In a perfect world, you have 0ms latency, and 0ms combined input lag and monitor response time. Of course this is out of reach but that doesn't mean there isn't something you can do to at least get it closer.
Although there is little you can do to lower these in game besides lowering your lerp, most graphics card manufacturers provide tools that can force certain settings. But first of course you want to do all you can to lower these values in game. Voidy's networking post in this forum along with pretty much every guide in existence goes over these.
I also use these launch options:
-threads 4 -high -novid -heapsize 4194304 -refresh 144 -noforcemaccel -noforcemparms -noforcemspd
Would warrant changing heapsize parameter if you have < 8 GB of RAM
Change -refresh to your monitor's refresh rate
Now, after attending QuakeCon this year and seeing NVidia's booth I realized how similar the effects of Triple-Buffered V-Sync and their new G-Sync monitor chip are. Up to this time I had v-sync disabled and was just using fps_max at a multiple of my refresh rate. However, this is not optimal. There are a few settings you can set on your graphics card's options to further lower input lag.
These settings are Triple-Buffering and Max Pre-Rendered Frames.
For NVidia cards this can be done in both NVidia Inspector and the NVidia Control Panel.

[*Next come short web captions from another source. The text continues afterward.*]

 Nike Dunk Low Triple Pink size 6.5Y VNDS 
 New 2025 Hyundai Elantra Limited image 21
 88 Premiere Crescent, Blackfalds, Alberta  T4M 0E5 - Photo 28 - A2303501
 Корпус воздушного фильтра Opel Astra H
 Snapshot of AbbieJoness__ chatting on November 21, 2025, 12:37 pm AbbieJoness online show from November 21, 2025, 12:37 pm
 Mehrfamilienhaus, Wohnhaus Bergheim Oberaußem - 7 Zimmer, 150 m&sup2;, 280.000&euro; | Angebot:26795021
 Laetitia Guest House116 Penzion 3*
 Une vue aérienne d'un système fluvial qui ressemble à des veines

NVidia Inspector on the left, NVidia Control Panel on the right
If you have an AMD card, you will have to search around the control panel for the settings, they should be in a relatively similar place.

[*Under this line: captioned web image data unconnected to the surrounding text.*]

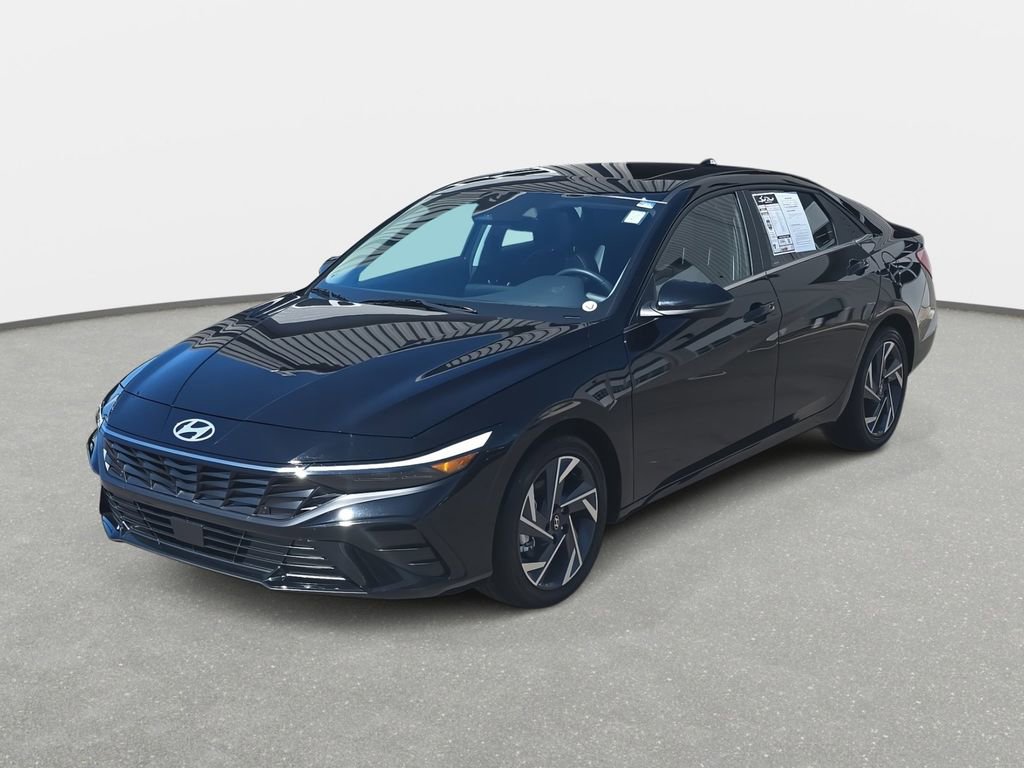 Certified 2025 Hyundai Elantra Limited image 38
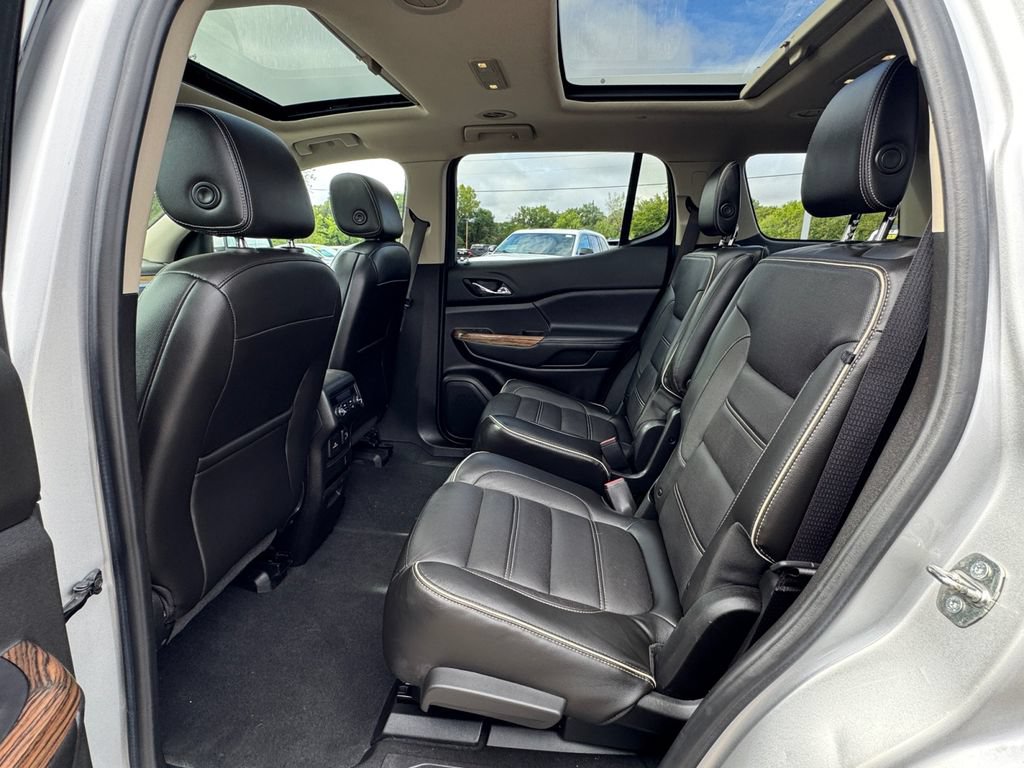 Used 2019 GMC Acadia Denali w/ Technology Package AWD/4WD image 37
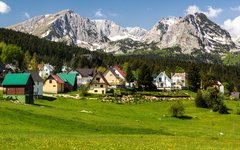Du bor tre nätter i bergsbyn Zabljak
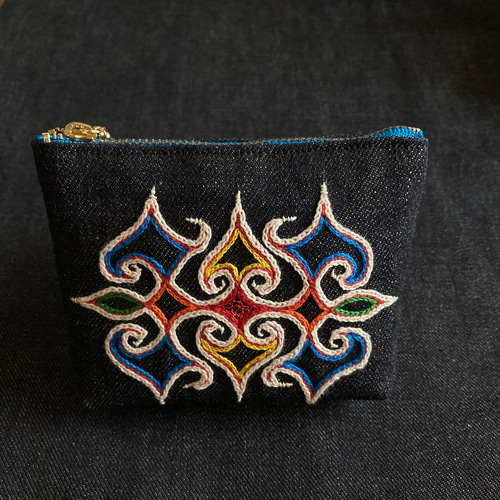 アイヌ模様の刺繍 アイヌ模様の刺繍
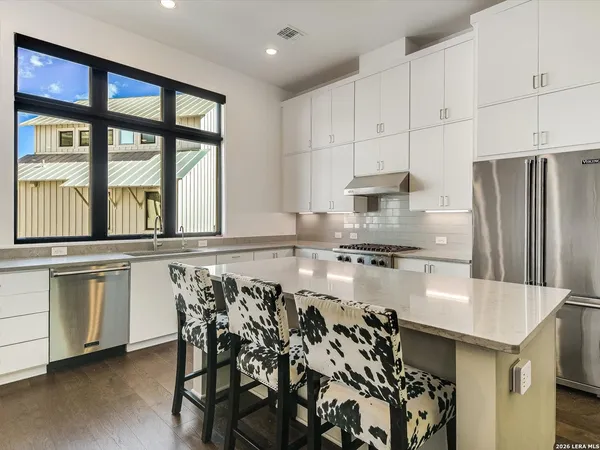 $3,400 | 1226 South Presa Street, Unit 105, San Antonio, TX 78210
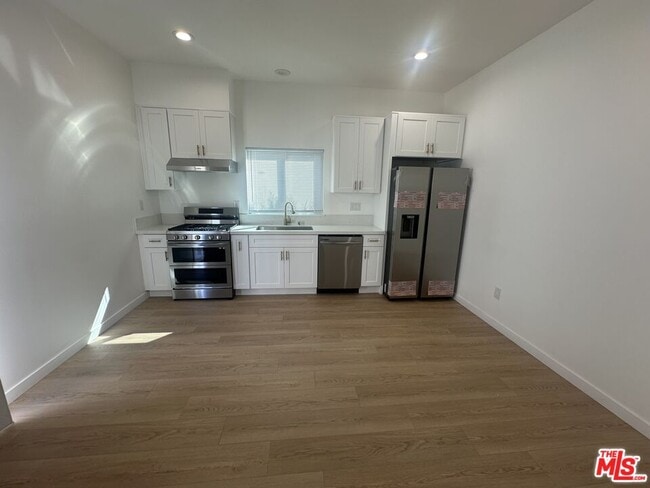 Building Photo - 1174 S Windsor Blvd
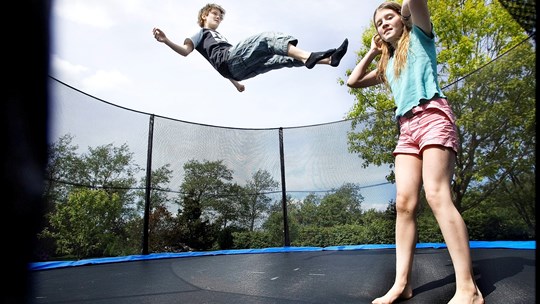 undgå at børnene slår sig på trampolinen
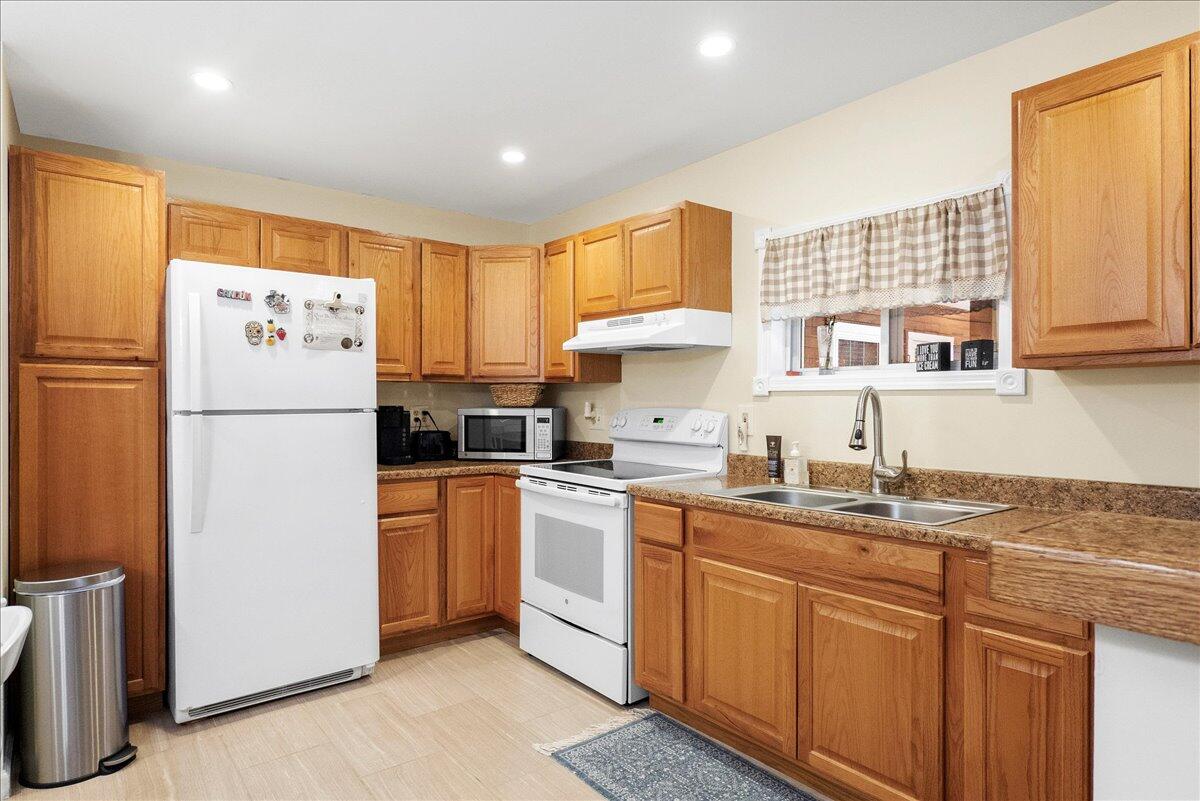 60 Cooper Street, Lake George, New York image 43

Now once triple-buffering is enabled, you can enable v-sync in game which will lower your input lag to about as low as it can get.
But why is this better?The problem with just limiting your framerate to no matter what value is the drawn frames will get sent to the monitor in random intervals and aren't guaranteed to get displayed. Not only are you wasting processing power drawing those 300 frames you don't use, the frames aren't going to be synchronous. The solution to this problem is Vertical Sync. However, this imposes more problems than it is worth using traditional double buffering. The problem?, in double buffering you have 2 buffers that the graphics card draws images to, switching to the next after finishing with one. The problem that vertical sync presents is when the graphics card is done drawing a frame it can't switch and begin drawing the next one until the monitor is done with the frame that was drawn on the other buffer. This creates input lag. The solution? Triple buffering. In triple buffering you have an additional buffer on top of the 2 from double buffering this allows the graphics card to copy the finished frame to the new buffer allowing it to begin drawing the next frame.